For stopping Kai, Po needs to learn more about how to master chi as soon as possible, so he goes to Li Shan’s hidden mountain village after his father says he can teach it to his son in the village. When Po, Li Shan, and Mr. Pong arrive in the village, we see lots of pandas on the screen, and Po becomes more comfortable with being himself as hanging around his father and all these chubby pandas including Mei Mei (voiced by Kate Hudson), a coquettish panda girl destined for show business.

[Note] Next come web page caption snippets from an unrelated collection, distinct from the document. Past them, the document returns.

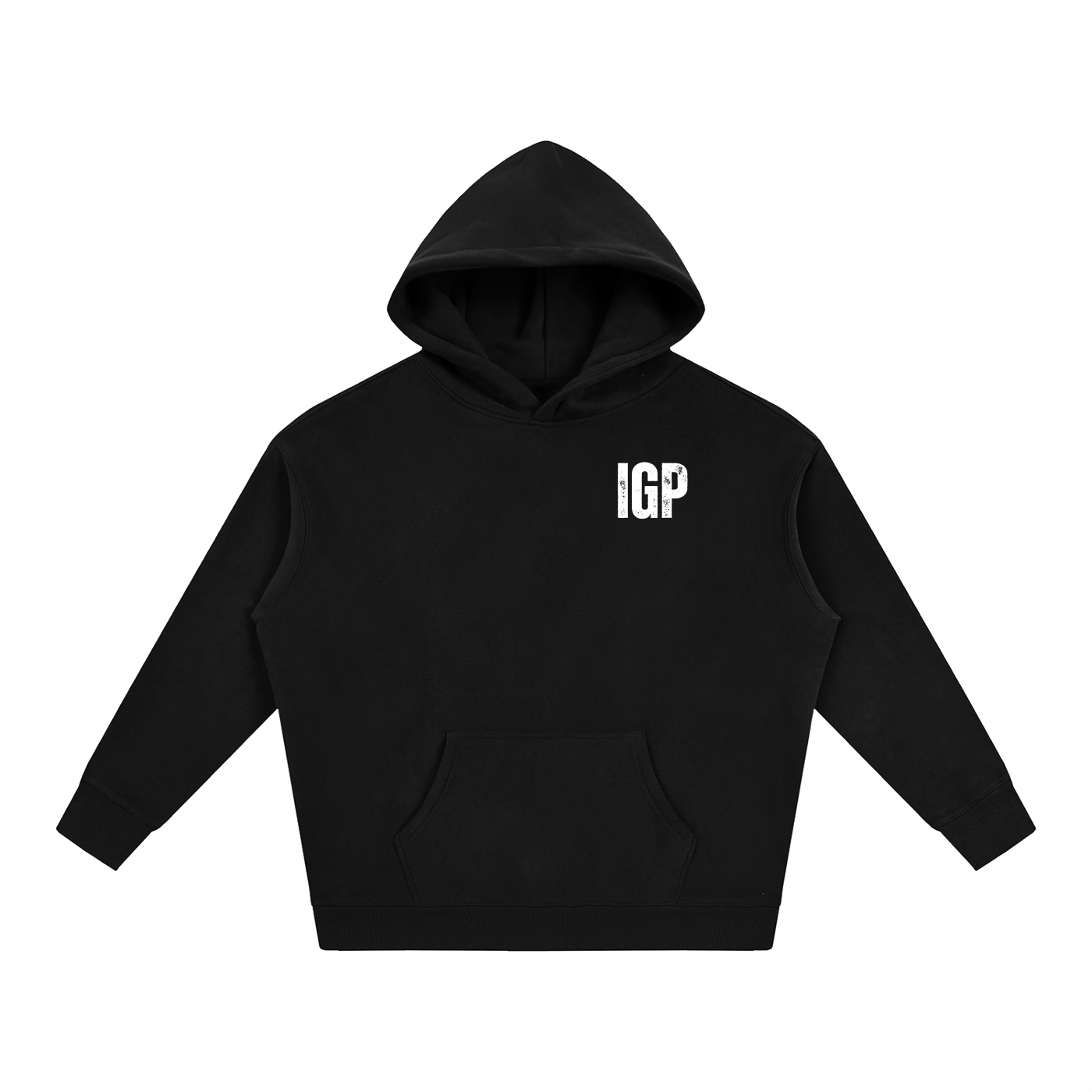 IGP 3 Phase Oversize Fleeced Hoodie White Text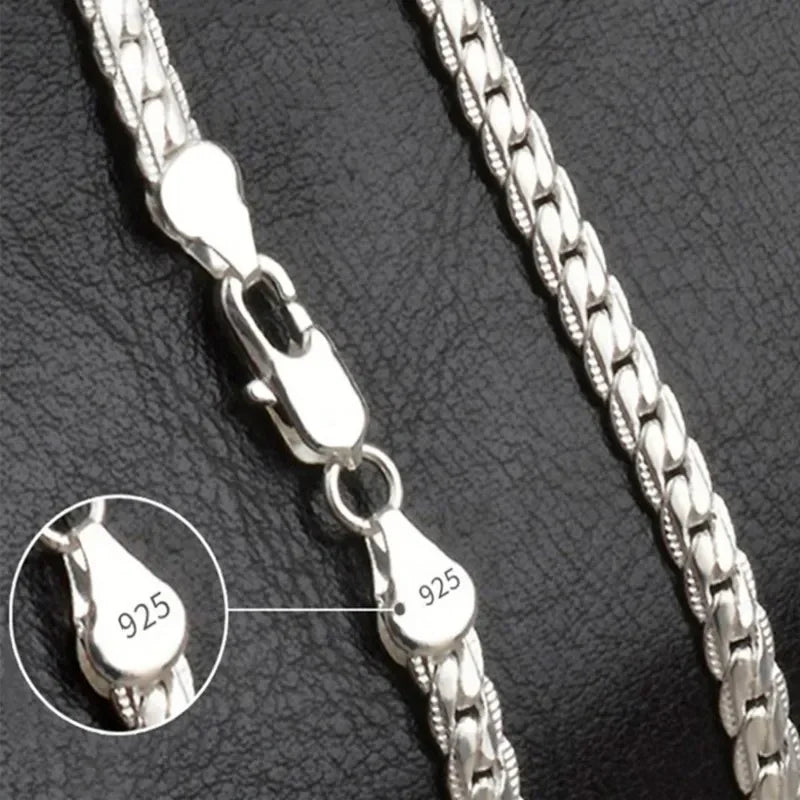 925 Sterling Silver 6MM Full Sideways Chain Necklace for Women Men Fashion 8/18/20/22/24 Inch Jewelry Sets Wedding Jewelry Gift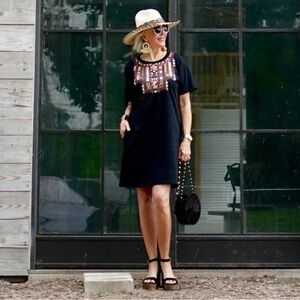 Souk Indigo Virginia Dress Size Medium Black Embroidered Cotton Sequins Chic EUC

While providing a lot of slapstick moments as Po rolls here and there along with other pandas, Jennifer Yuh Nelson, who previously directed “Kung Fu Panda 2”, and her co-director Alessandro Carloni also serve us with a number of kinetic action sequences as Kai is approaching toward his ultimate goal step by step. Besides a pair of knives linked through a chain, this big bad ox can unleash and control a bunch of jade-colored zombies in the shapes of various masters he defeated, and the increasing number of these zombies makes the situation all the more difficult for Po and other characters around him. There are lots of zips and zaps across the screen, and the action sequences in the film are mainly presented through quick, frantic cuts and zooms, but they are fun and exciting enough to entertain us at least.
The digital animation in the film is bright and colorful on the whole, and I liked its splendid sights which will certainly look dimmer in 3D. The spirit realm scenes in the movie are apparently intended for 3D visual effects, but I did not feel much of the need to wear 3D glasses, and I think you may save some money through watching the 2D version instead of the 3D version.
Reprising his most popular character, Jack Black is good as usual in his engaging voice performance, and he is supported well by the supporting cast members. Like Black, Dustin Hoffman, Angelina Jolie, Jackie Chan, Seth Rogen, Lucy Liu, David Cross, James Hong, and Randall Duk Kim have been familiar with their respective roles, and they fill their positions with ease. The new cast members Bryan Cranston, Kate Hudson, and J.K. Simmons are also solid in their respective voice performances, and Simmons relishes his villain role which is alternatively silly and menacing.
When “Kung Fu Panda 2” was about to be released, I was skeptical mainly because there seemed to be no need for a sequel to follow “Kung Fu Panda” (2008), but then I was surprised to see that it actually had more fun and excitement than I expected. “Kung Fu Panda 3” is not better than its predecessor, but its formula usually works in spite of its thin story and some underdeveloped potentials in the plot (I am still wondering whether interspecies relationship is possible in its world, for example). Its weak points are mostly compensated by its breezy energy and well-made animation, and the endearing quality of its good-natured hero still works on me, but I must say that one panda is more than enough for me.